Sarah Dunstan
Lecturer in the International History of Modern Human Rights, University of Glasgow
Sarah C. Dunstan is a Lecturer in the International History of Modern Human Rights and a Leverhulme Early Career Fellow at the University of Glasgow.
Her first book, Race, Rights and Reform: Black Activism in the French Empire and the United States from World War One to Cold War, came out with Cambridge University Press in early 2021. She has published on questions of decolonization, citizenship rights and empire in the Journal of Modern History, the Journal of the History of Ideas, the Journal of Contemporary History, and Callaloo, amongst other places.

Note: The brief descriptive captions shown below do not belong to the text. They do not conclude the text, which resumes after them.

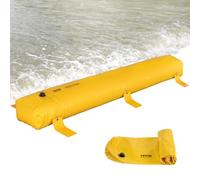 VEVOR Barrière Anti-Inondation 3,66 m de Longueur x 30,5 cm de Hauteur, Sacs Contre Les Inondations Alternative au Sac de Sable, Boudin Contre Les Inondations Imperméable en PVC, pour Porte Garage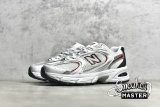 NEW BALANCE 530V2 RETRO WHITE/SILVER/RED MR530SA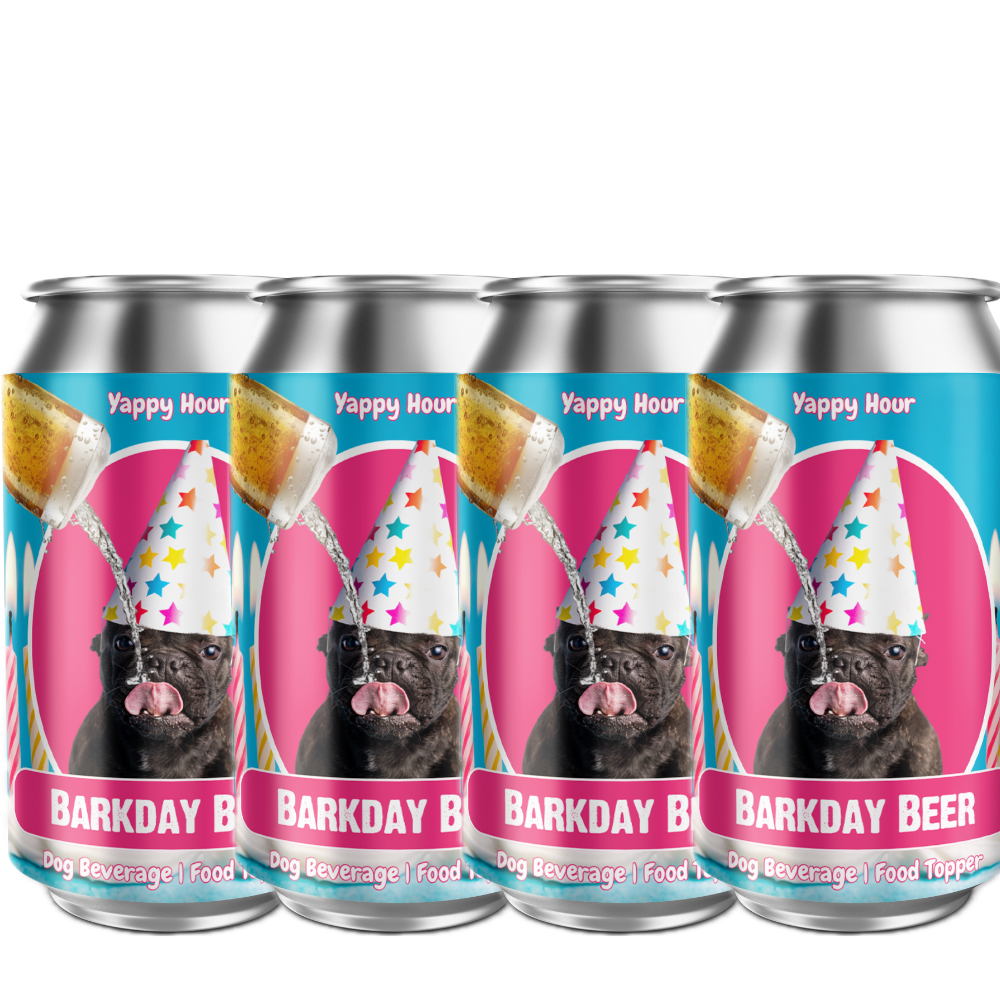 Barkday Dog Beer | 4ct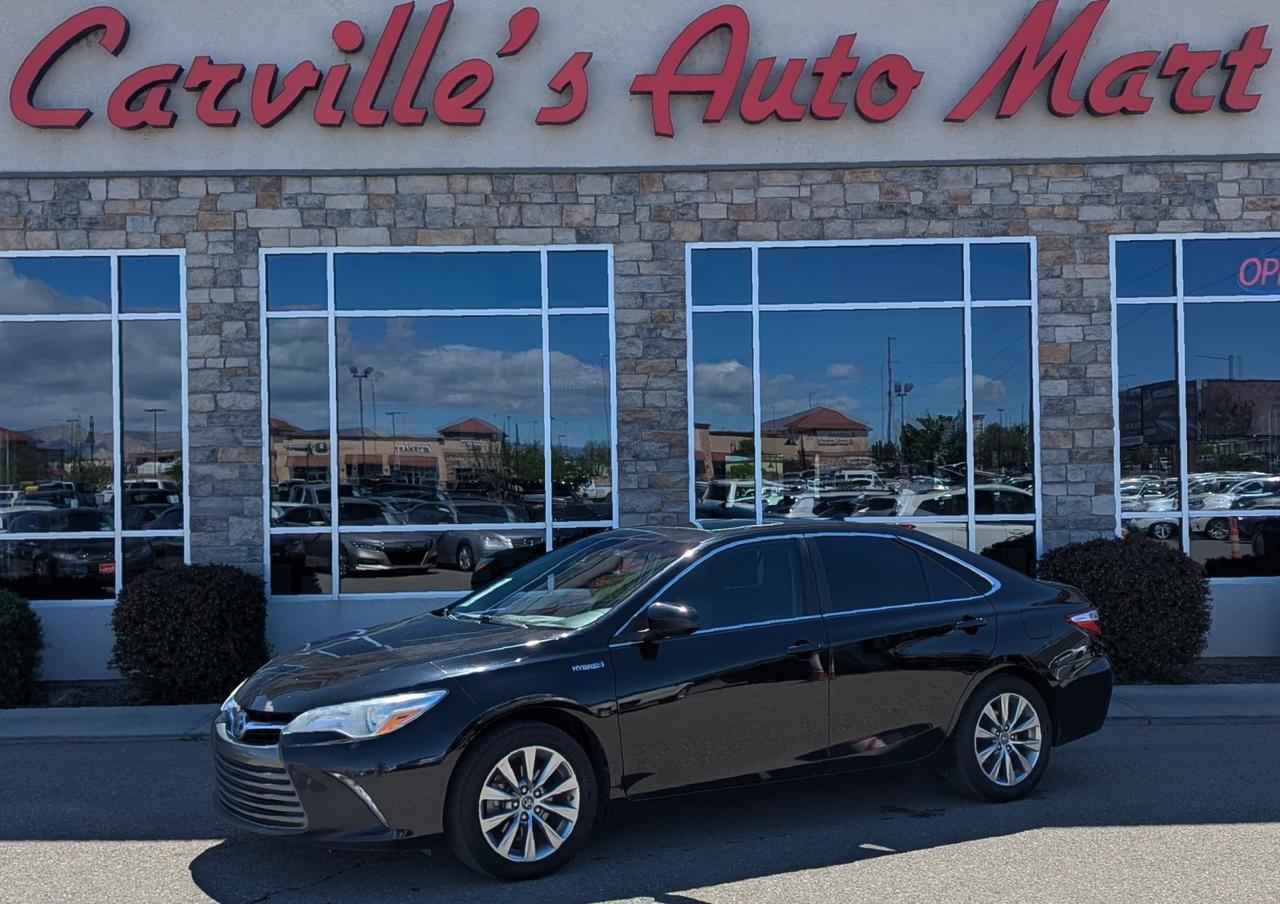 2017 Toyota Camry Hybrid XLE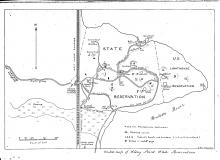 map of area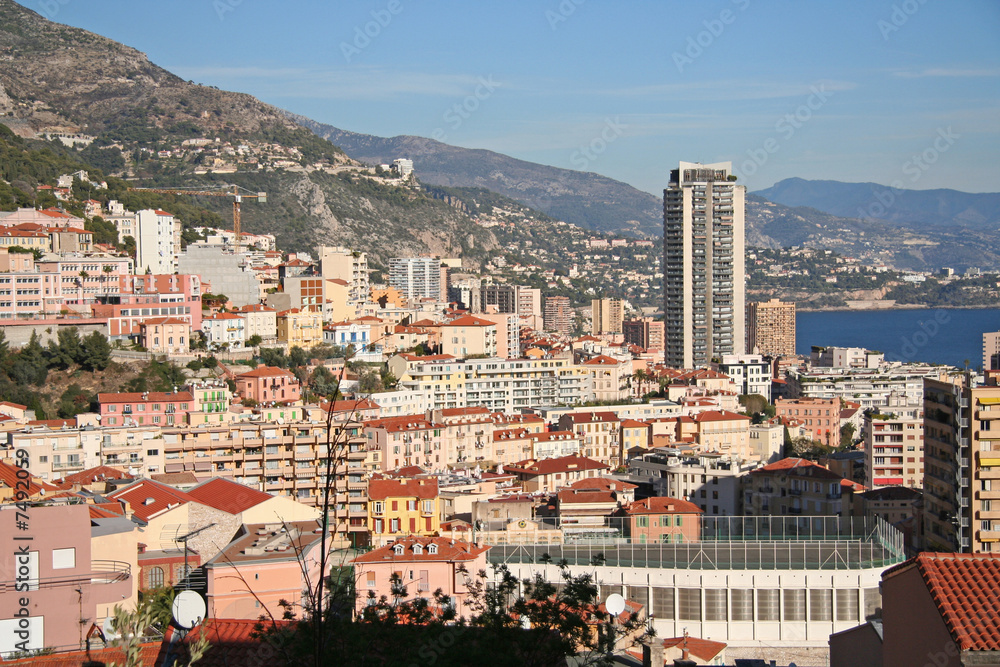 Immeubles de Monaco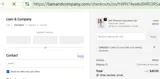 CARLA20 coupon verification screenshot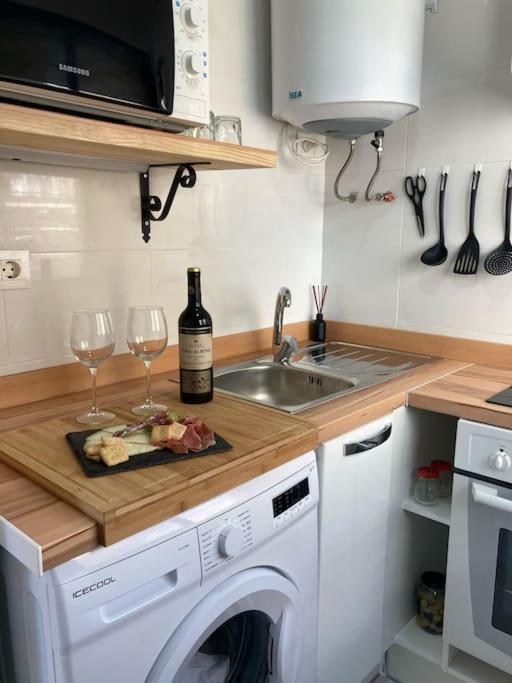 Coqueto Apartamento De Playa Con Piscina Y Terraza Valensiya Dış mekan fotoğraf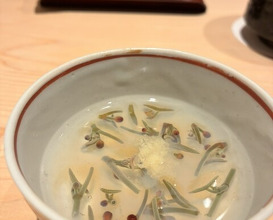Dinner at Sushi Ryujiro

Dunstan is also a co-editor of the Anthology of Women’s International Thought: Towards a New Canon, forthcoming June 2022 with Cambridge University Press. Dunstan received her PhD from the University of Sydney in 2018. Before joining Glasgow, she was an ARC Postdoctoral Fellow with the International History Laureate programme at the University of Sydney; a Postdoctoral Associate with the Leverhulme Women and the History of International Thought Project at the University of Sussex, and a Leverhulme Early Career Fellow at Queen Mary, University of London.
She has held fellowships in New York and Paris, and her research has been supported by, amongst others, the Fulbright Foundation, the John Frazer Memorial Fund and the European International Studies Association.